The fixed point locus of the smooth Jordan quiver variety under the action of the finite subgroups of $\mathrm{SL}_2(\mathbb{C})$

TL;DR

This paper investigates the structure of fixed point loci in smooth Nakajima quiver varieties related to the Jordan quiver, connecting geometric components with affine Lie algebra root lattices and resolutions of wreath product singularities.

Contribution

It describes the irreducible components of fixed point loci using McKay quivers and provides a combinatorial model linking these components to affine Lie algebra root lattices.

Findings

Irreducible components are described via McKay quivers.

A combinatorial model indexes the components using root lattices.

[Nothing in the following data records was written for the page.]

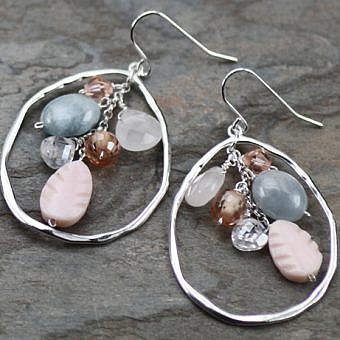 Alternative view of X-Large Organic Teardrop Pear Frame Sterling Silver .925 Amoracast - Pendants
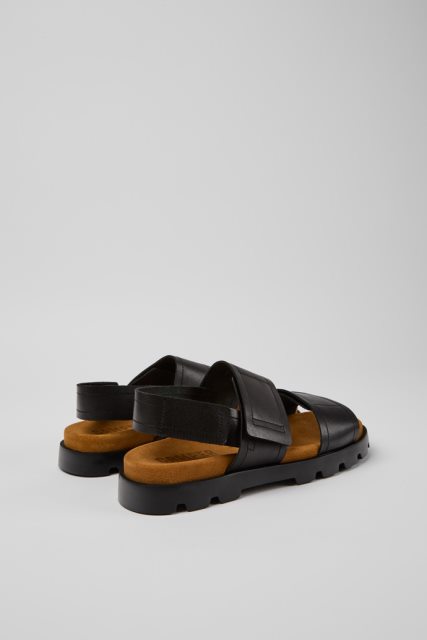 Išskirtiniai Camper Brutus Sandal Juodos Odinės Basutės Vyrams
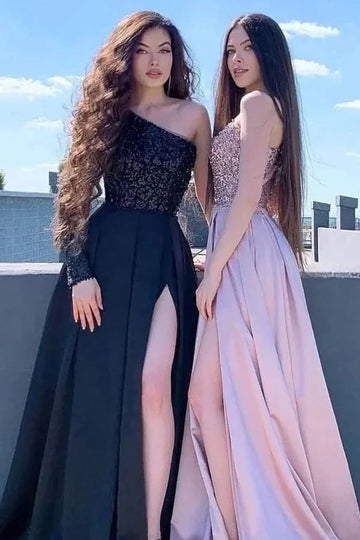 Trendy Black One-Shoulder Junior Satin Sexy Slit A-line Evening Gown JTE834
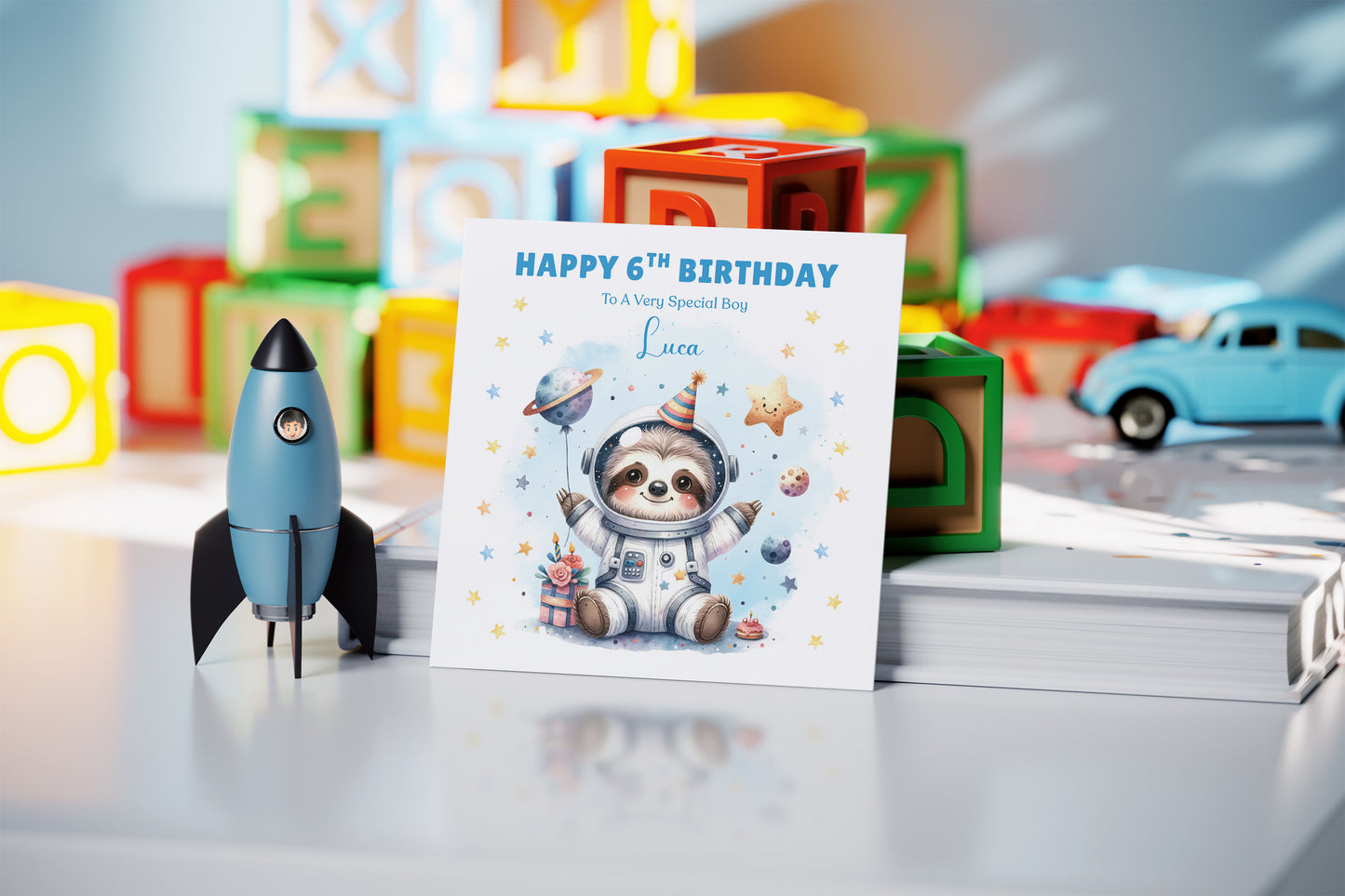 Personalised 6th Birthday Card for Boys – Cute Sloth Design with Custom Name and Message, Age 6 Years Old Birthday Card for Kids, Children, Boy, Son, Grandson, Nephew– Blue Envelope Included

Existence of components is linked to resolutions of wreath product singularities.

Abstract

In this article, we study the decomposition into irreducible components of the fixed point locus under the action of $\Gamma$ a finite subgroup of $\mathrm{SL}_2(\mathbb{C})$ of the smooth Nakajima quiver variety of the Jordan quiver. The quiver variety associated with the Jordan quiver is either isomorphic to the punctual Hilbert scheme in $\mathbb{C}^2$ or to the Calogero-Moser space. We describe the irreducible components using quiver varieties of McKay's quiver associated with the finite subgroup $\Gamma$ and we have given a general combinatorial model of the indexing set of these irreducible components in terms of certain elements of the root lattice of the affine Lie algebra associated with $\Gamma$. Finally, we prove that for every projective, symplectic resolution of a wreath product singularity, there exists an irreducible component of the fixed point locus of the punctual Hilbert scheme in the plane that is isomorphic to the resolution.